* _Prompt_
Word for word, restate every record.
····················
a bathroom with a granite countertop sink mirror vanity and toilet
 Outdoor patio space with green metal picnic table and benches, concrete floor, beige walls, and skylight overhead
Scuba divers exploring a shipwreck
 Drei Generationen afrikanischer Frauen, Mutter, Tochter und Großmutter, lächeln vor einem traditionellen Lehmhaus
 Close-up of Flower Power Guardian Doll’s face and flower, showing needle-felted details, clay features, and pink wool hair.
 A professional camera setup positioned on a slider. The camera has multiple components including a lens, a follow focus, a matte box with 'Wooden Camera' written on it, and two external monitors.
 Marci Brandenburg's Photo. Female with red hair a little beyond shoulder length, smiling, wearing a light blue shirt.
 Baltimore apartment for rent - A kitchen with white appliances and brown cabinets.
····················
* _Exercise response_
a bathroom with a granite countertop sink mirror vanity and toilet
 Outdoor patio space with green metal picnic table and benches, concrete floor, beige walls, and skylight overhead
Scuba divers exploring a shipwreck
 Drei Generationen afrikanischer Frauen, Mutter, Tochter und Großmutter, lächeln vor einem traditionellen Lehmhaus
 Close-up of Flower Power Guardian Doll’s face and flower, showing needle-felted details, clay features, and pink wool hair.
 A professional camera setup positioned on a slider. The camera has multiple components including a lens, a follow focus, a matte box with 'Wooden Camera' written on it, and two external monitors.
 Marci Brandenburg's Photo. Female with red hair a little beyond shoulder length, smiling, wearing a light blue shirt.
 Baltimore apartment for rent - A kitchen with white appliances and brown cabinets.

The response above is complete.